Funkes „Tintenherz“

Zaubern mit Worten

Von Monika Osberghaus

Die Hauptperson der Geschichte, das Mädchen Meggie, wird auf Seite 221 von einer Woge der Erleichterung ergriffen. „Es ist vorbei, dachte sie. Es ist wirklich vorbei.“ Der Leser aber wird sich mit wohligem Schaudern vergewissern, daß er noch fast zwei Drittel des Buches vor sich hat und daß daher vorerst nichts so schnell vorbei sein kann - zum Glück, wird er denken. Denn es handelt sich um das neue Buch von Cornelia Funke. Heute kommt mit ihm endlich eine neue, eine dritte Farbe auf die Tische der Kinderbuchabteilungen. Immer nur „Harry Potter“ und die „Wilden Hühner“, das wurde ja schon langweilig in diesem Sommer. „Tintenherz“ ist tiefrot, dick und geheimnisvoll, und auch wenn es aus derselben Feder stammt wie die allseits beliebten „Wilden Hühner“, ist es eine geradezu altmodisch eigenwillige Geschichte. Weder locker-leichter Serienstoff noch eine Nachahmung der Zauberlehrling-Story, wie wir sie jetzt häufig sehen.
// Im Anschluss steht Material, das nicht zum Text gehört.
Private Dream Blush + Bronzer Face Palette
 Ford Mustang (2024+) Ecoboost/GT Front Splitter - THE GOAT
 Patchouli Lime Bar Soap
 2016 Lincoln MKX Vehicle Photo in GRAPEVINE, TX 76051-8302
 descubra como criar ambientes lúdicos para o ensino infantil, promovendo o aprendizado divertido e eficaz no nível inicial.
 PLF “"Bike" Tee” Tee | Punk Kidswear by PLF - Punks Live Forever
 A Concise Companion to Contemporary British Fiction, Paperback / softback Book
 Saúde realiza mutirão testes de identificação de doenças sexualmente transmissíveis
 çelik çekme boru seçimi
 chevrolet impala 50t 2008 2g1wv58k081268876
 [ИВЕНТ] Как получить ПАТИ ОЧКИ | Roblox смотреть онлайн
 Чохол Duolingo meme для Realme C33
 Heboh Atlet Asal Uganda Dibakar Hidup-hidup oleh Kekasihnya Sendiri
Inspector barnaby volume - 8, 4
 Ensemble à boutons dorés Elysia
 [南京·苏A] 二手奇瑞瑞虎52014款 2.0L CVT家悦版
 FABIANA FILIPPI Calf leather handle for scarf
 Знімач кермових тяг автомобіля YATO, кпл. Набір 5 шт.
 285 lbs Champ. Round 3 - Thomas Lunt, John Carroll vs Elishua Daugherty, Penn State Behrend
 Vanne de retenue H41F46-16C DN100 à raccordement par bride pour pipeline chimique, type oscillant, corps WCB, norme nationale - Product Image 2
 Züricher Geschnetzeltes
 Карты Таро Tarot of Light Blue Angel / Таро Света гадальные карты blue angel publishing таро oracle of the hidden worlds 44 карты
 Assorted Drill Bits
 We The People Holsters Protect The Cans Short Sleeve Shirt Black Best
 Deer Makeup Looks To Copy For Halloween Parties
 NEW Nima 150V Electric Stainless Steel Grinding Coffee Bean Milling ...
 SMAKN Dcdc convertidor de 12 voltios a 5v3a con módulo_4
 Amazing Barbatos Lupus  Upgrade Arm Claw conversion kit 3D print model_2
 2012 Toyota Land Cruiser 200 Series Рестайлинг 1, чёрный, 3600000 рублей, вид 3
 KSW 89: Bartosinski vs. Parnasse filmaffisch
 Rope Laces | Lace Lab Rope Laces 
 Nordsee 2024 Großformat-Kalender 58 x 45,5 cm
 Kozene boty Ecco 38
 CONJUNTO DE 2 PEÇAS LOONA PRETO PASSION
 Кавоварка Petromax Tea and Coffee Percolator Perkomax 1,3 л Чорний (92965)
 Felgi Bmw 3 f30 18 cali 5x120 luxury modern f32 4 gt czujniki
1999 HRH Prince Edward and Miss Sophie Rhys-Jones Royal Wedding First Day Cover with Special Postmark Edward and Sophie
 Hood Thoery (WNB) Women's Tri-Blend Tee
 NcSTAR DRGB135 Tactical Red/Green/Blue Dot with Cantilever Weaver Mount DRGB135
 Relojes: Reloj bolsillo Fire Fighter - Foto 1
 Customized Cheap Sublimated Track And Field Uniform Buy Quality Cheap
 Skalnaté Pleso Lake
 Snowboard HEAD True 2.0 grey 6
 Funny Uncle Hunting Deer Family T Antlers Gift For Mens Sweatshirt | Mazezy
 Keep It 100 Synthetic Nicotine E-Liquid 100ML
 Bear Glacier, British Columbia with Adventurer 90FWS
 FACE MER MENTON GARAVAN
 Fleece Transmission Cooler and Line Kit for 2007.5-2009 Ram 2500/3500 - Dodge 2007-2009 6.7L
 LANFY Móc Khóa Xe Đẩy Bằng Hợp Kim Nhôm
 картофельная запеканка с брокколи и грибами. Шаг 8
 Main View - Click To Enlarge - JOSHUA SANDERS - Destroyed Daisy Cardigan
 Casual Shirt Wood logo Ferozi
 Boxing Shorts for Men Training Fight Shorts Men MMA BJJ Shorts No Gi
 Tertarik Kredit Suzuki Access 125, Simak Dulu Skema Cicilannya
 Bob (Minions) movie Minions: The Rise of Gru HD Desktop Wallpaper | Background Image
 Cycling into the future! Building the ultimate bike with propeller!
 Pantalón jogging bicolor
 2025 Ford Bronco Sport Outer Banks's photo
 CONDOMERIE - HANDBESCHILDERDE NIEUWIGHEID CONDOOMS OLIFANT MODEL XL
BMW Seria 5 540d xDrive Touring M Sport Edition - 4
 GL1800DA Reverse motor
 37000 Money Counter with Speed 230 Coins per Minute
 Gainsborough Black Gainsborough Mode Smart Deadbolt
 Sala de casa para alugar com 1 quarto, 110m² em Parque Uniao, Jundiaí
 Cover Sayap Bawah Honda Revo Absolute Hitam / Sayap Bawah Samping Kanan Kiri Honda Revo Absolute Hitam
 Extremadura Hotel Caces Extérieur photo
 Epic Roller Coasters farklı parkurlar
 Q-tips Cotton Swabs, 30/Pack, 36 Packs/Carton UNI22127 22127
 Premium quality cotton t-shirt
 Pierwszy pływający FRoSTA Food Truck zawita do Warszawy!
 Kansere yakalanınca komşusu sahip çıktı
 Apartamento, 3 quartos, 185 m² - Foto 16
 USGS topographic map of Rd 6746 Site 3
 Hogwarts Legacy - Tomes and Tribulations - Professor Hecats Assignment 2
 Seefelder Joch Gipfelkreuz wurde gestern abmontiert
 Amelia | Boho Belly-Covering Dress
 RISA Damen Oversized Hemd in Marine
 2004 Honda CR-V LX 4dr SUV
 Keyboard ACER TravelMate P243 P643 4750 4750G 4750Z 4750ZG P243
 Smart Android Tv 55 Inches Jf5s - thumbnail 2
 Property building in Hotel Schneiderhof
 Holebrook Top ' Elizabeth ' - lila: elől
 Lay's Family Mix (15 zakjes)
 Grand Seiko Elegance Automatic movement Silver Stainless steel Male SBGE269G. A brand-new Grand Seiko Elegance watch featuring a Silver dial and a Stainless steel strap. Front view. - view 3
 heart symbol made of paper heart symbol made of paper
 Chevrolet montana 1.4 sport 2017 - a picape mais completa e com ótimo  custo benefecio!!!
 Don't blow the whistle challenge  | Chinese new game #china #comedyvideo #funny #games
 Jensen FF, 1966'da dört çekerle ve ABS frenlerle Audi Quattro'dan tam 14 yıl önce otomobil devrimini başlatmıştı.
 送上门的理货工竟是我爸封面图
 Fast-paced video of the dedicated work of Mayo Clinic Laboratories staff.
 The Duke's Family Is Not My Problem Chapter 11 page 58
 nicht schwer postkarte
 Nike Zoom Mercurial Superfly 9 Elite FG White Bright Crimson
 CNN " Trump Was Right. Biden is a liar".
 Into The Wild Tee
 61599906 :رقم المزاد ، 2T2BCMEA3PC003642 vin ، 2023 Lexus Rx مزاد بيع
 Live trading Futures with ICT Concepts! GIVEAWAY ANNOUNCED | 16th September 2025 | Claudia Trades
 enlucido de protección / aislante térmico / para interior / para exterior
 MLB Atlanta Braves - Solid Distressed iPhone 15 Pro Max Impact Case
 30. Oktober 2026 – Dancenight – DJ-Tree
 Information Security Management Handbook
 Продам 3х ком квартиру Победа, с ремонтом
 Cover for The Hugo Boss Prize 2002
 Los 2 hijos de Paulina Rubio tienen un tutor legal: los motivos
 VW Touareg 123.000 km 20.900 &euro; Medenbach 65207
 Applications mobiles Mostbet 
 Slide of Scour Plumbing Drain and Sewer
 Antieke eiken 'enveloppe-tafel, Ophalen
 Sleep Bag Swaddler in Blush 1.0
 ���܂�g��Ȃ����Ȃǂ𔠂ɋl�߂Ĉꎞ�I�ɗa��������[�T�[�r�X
Mit „Tintenherz“ ist ein weiterer, ganz singulärer Schmöker da. Die Erleichterung auf Seite 221 ist nur ein kurzes Luftschnappen in der Wirklichkeit - Meggie wird in einem Café frühstücken, wird sich waschen, wird schlafen können -, aber dann geht es weiter hinab, hinab, hinab den Erzählfluß hinunter, die Strömung ist stark. Von Romanen, in denen man versinkt, sprechen wir, wenn eine Geschichte besonders spannend ist. Niemand kennt das besser als die zwölf Jahre alte Meggie. Sie ist eine solche Büchernärrin, daß man fast befürchten muß, die „Stiftung Lesen“ wird mehr Sympathie für sie aufbringen als normale kindliche Leser, die ihre Begeisterung für raschelnde Seiten und das Gefühl beim Glattstreichen der Seiten nicht teilen können.

Ein Leben auf der Flucht

Cornelia Funke übertreibt es zu Beginn ein wenig mit der Bibliophilie ihrer Figuren. Aber da sie von Anfang an eine leise flüsternde Angst-Ahnung zwischen die Zeilen legt, wird niemand das Buch zuschlagen, nur weil darin ein paar Leute ein Riesengetue um Bücher machen. Das furchtsame Flüstern wird in demselben unmerklich langsamen Tempo zu einer lauten Stimme anschwellen, in dem beim Leser das Verständnis für die Bücherliebhaber wächst. Das merkt er aber gar nicht, weil er eben bald in der Geschichte versinkt. Allerdings geht es hier eher um das Auftauchen. Jeder, der gerne liest, hat wohl schon einmal mit dem Gedanken gespielt, nicht nur daß er in die Geschichten hineingehen könnte - diese Phantasie ist ebenfalls sehr beliebt und selbst schon ein Motiv großer Geschichten geworden -, sondern auch, daß seine Lieblingsfiguren plötzlich leibhaftig da sein könnten. Cornelia Funke hat dieses alte Gedankenspiel zur Grundlage von „Tintenherz“ gemacht. Ihre Variation des Themas ist meisterhaft durchdacht, finster und bezwingend.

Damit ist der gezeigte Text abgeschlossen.